There is an old shed out behind their house that used to serve as lawnmower storage and such. I tidied it up and made my own little efficiency out of it. I still go inside for the bathroom and shower and things like that, but I stay out of their way and sleep in the shed. It works out fine. It’s amazing what you can get used to.
Even with all of that in place, life was still rough. I had run out of cash and was down to a quarter tank of gasoline in the LeBaron when I first had the thought of how to scrape by until something good happened.  And I was convinced it would eventually.
I had just left another of the countless interviews I’d been on where the hiring manager told me he was “reluctant to hire such an overqualified candidate.” It was interview-talk for, “get lost you fat bastard.”
I pulled over in the nearly empty parking lot in front of a Kmart and rested my head on the steering wheel until the tears came. And they continued to come for a long time.
Then a song came on the radio that, for some reason,  just made me want to move.
I haven’t told you about the stereo system in the LeBaron.
As the general manager of Dan’s Radio World, I got all the stereo gear I wanted at wholesale prices. It was a steal. I had a system in my car that was easily worth three times what the car was. If I dropped the top on the convertible and cranked up a tune on this system, you could hear it in perfect quality from a mile away at least.
I had recently thought about selling off the equipment, likely at such a discount that it’d make my wholesale price seem expensive. It wasn’t something I wanted to do, but when you go to bed hungry at night something’s gotta give – and I like to eat.
So, this song comes on as I’m resting my head on the steering wheel in Kmart parking lot on the south side of Nashville.

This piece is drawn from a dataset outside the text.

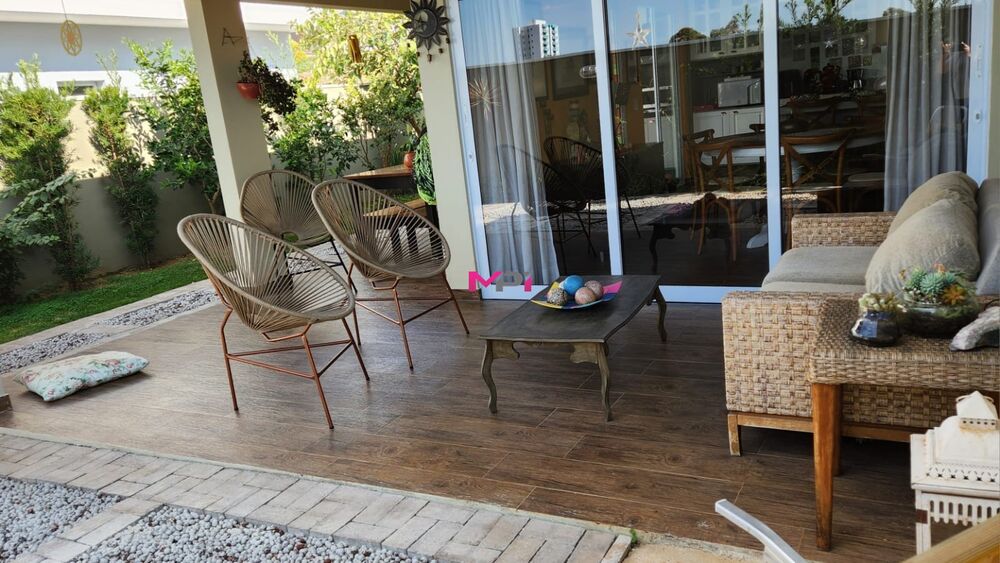 Casa de Condomínio à venda com 3 quartos, 146m² - Foto 1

She want that lovey-dovey (lovey-dovey)
That Kiss-kiss (kiss-kiss)
In her mind she fantasize,
Bout Getting wit’ me.

They hatin’ on me
They wanna diss this (kiss kiss)
Cause she mine and so fine
And thick as can be…

I wasn’t a big Chris Brown or T-Pain fan by any stretch of the imagination, but for some reason the song made me feel better and I began bobbing my head. By the time the second chorus had rolled around I had the volume high and the top down. I was beginning to draw harsh looks from the passersby on the road who could easily hear my stereo blasting.
I suppose something snapped in me, perhaps from all the stress of the job search, homelessness and lack of basic essentials. The only thing that felt good was to dance.
I jumped out of the car and started doing exactly that.
I had never been one for exhibitionist behavior. Quite the contrary in fact. I was a shy guy for the most part, and very self-conscious about my appearance. So for me to be in the middle of a parking lot grooving to “Kiss-Kiss” for an audience of hundreds passing by was very out of character. I guess I had finally lost my mind.
But it is in the strangest ways that survival works out. If I hadn’t danced that day, I may not be sitting here in the drive-thru about to eat a chicken sandwich.



  1. I like the feeling of defeat in the beginning and then the manic redemption in pop music and dancing. Leaves me with the impression that while this guy has found release it's temporary, and he may not be alright in the end. You and Michael should shoot this. There are some great visuals in this story: Kmart parking lot at sunset, recurring opaque headshot of a attractive redhead, digital equalizer bars on a car stereo, huge bag of change, chicken sandwich wrapper.

  2. Thanks Joe. What's funny is that I was thinking the same thing when writing this. It was all about the visual elements. I'd love to short film this thing.